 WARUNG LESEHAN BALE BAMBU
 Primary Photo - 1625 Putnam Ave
...
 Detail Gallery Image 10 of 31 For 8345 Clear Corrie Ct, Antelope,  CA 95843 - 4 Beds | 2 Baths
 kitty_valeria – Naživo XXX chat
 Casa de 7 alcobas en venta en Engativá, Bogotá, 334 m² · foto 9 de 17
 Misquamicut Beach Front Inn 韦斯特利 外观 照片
--
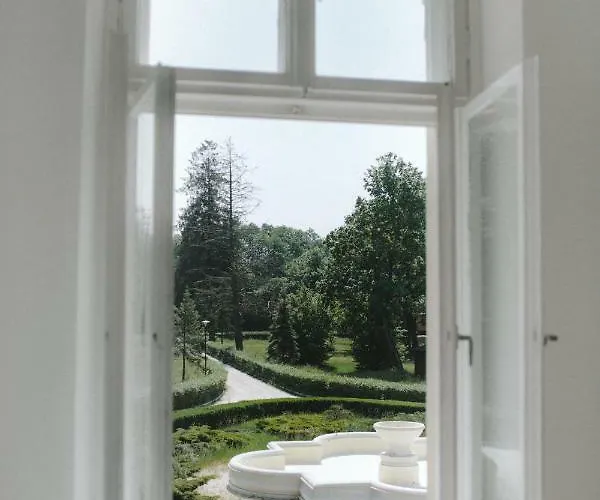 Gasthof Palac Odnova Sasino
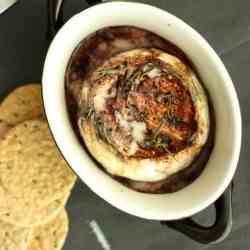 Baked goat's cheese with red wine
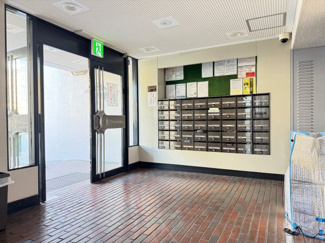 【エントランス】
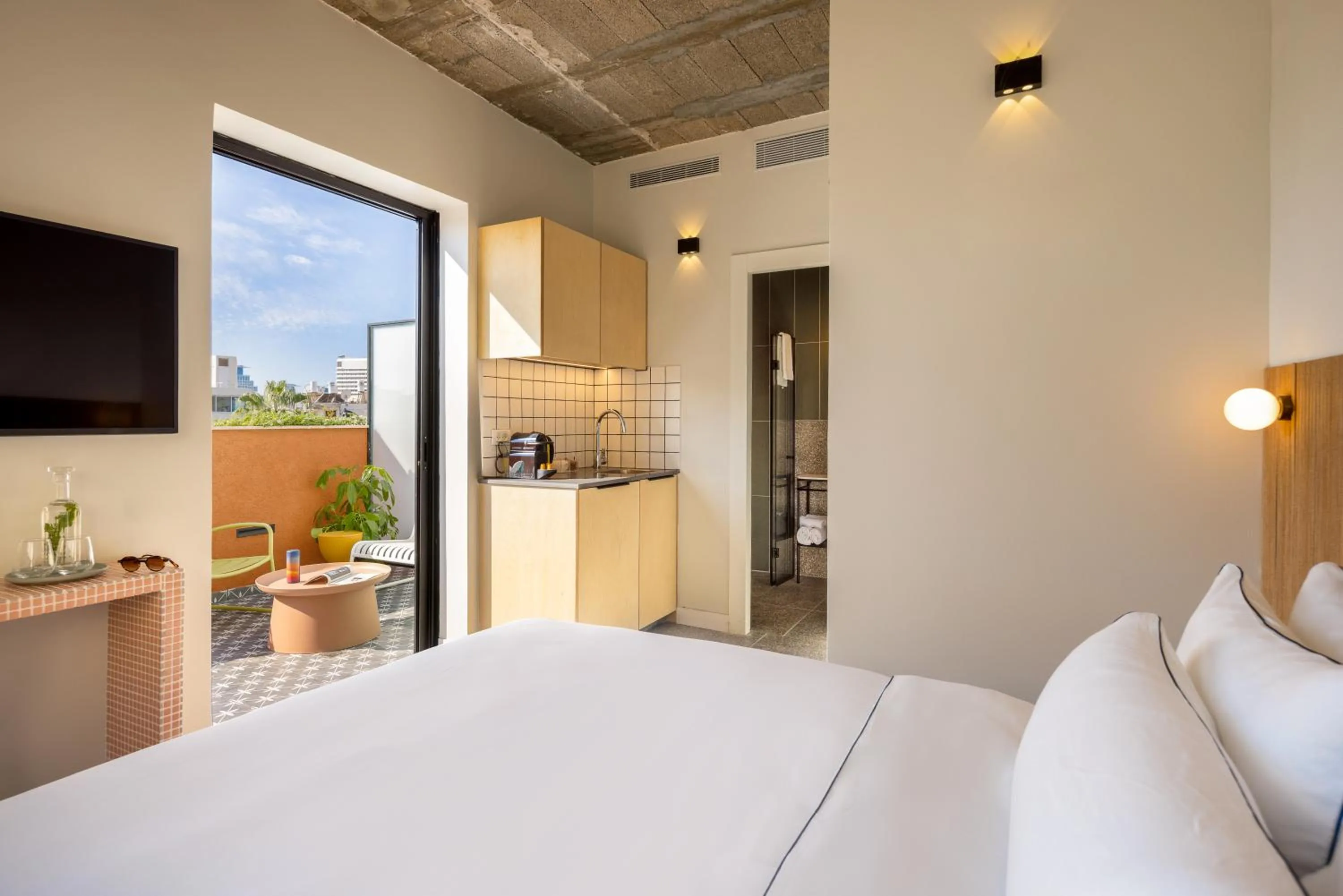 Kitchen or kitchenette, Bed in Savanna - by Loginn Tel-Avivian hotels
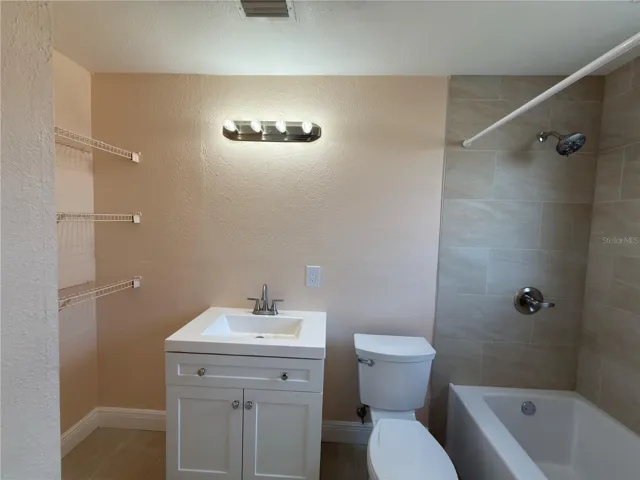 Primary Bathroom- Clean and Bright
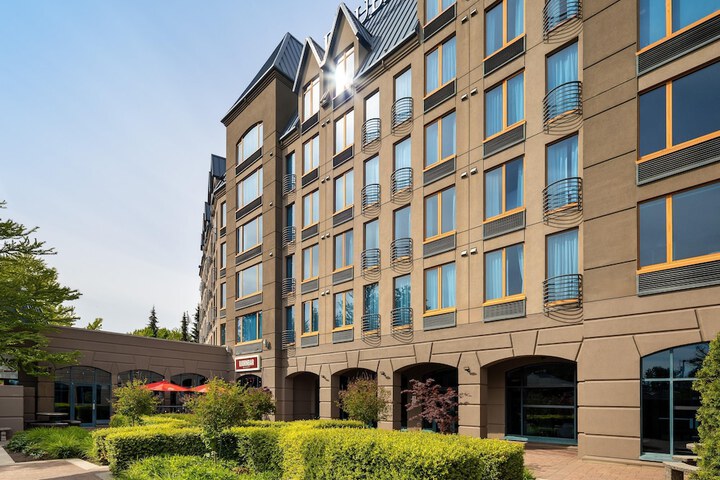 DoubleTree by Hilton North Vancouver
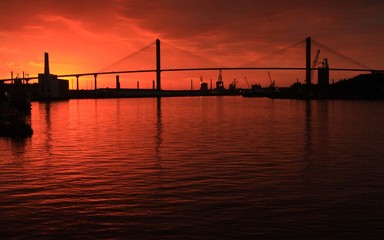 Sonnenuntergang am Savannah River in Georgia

* [Exercise description]
In the data above, find the line with "WARUNG LESEHAN BALE BAMBU" and the line with "Primary Photo - 1625 Putnam Ave". Retype both, plus every line between them, exactly.

* [Answer box]
 WARUNG LESEHAN BALE BAMBU
 Primary Photo - 1625 Putnam Ave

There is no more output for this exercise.